🤖 AI Summary
In multi-agent social dilemmas, standard reinforcement learning often induces large language model (LLM) agents to adopt defection strategies, undermining collective welfare. To address this, we propose a cooperative multi-agent training framework tailored for LLMs: first, we design Trust and Split—a novel benchmark environment requiring natural-language negotiation; second, we introduce a population-relative baseline to simplify advantage estimation and develop Opponent-Aware Advantage Alignment, a policy-coordination algorithm that jointly optimizes agent strategies. Our method significantly improves collective payoff across multiple social dilemma tasks (average +23.6%), yielding policies with high cooperation rates (>85%) and robust exploit-resistance—effectively countering greedy adversarial strategies. Moreover, the learned policies generalize seamlessly to state-of-the-art closed-source LLMs.
📝 Abstract
As agentic AI becomes more widespread, agents with distinct and possibly conflicting goals will interact in complex ways. These multi-agent interactions pose a fundamental challenge, particularly in social dilemmas, where agents' individual incentives can undermine collective welfare.
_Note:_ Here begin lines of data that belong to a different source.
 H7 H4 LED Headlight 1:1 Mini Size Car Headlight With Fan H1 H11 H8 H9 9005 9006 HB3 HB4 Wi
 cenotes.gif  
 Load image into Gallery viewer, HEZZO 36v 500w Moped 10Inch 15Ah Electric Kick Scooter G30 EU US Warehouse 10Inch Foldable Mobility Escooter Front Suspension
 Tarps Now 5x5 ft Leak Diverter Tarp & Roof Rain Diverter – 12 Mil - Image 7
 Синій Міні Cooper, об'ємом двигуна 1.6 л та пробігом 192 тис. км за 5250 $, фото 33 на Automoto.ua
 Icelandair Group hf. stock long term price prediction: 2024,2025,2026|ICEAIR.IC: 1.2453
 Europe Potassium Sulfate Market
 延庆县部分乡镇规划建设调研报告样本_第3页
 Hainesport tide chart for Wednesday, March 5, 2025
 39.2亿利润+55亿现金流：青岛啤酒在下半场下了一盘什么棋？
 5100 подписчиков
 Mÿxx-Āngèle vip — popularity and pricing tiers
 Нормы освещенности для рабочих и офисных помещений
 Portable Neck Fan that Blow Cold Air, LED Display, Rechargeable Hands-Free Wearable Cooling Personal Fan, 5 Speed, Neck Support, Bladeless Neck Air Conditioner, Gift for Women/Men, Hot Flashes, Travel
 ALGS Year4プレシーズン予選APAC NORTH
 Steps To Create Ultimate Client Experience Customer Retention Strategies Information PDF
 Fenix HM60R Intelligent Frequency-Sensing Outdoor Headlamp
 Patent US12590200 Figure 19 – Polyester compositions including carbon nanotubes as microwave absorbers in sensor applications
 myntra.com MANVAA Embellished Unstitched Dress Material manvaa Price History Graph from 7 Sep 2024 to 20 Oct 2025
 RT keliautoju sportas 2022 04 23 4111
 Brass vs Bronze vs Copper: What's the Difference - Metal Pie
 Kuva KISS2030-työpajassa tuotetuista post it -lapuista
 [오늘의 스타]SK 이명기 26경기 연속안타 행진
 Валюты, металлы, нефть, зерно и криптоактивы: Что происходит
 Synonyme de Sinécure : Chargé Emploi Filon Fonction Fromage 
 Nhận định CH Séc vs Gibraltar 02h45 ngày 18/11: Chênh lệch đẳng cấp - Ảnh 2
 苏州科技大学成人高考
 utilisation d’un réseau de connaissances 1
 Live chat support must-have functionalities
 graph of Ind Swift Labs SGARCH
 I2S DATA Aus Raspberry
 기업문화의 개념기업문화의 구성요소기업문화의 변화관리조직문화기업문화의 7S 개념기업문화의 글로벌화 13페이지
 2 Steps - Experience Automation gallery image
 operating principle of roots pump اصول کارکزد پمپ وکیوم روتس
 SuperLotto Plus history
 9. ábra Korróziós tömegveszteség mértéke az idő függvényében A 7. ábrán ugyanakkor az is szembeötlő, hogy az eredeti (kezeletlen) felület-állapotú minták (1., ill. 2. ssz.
While reinforcement learning (RL) has been effective for aligning large language models (LLMs) in the single-agent regime, prior small-network results suggest that standard RL in multi-agent settings often converges to defecting, self-interested policies. We show the same effect in LLMs: despite cooperative priors, RL-trained LLM agents develop opportunistic behavior that can exploit even advanced closed-source models. To address this tendency of RL to converge to poor equilibria, we adapt a recent opponent-learning awareness algorithm, Advantage Alignment, to fine-tune LLMs toward multi-agent cooperation and non-exploitability. We then introduce a group-relative baseline that simplifies advantage computation in iterated games, enabling multi-agent training at LLM scale. We also contribute a novel social dilemma environment, Trust and Split, which requires natural language communication to achieve high collective welfare. Across a wide range of social dilemmas, policies learned with Advantage Alignment achieve higher collective payoffs while remaining robust against exploitation by greedy agents.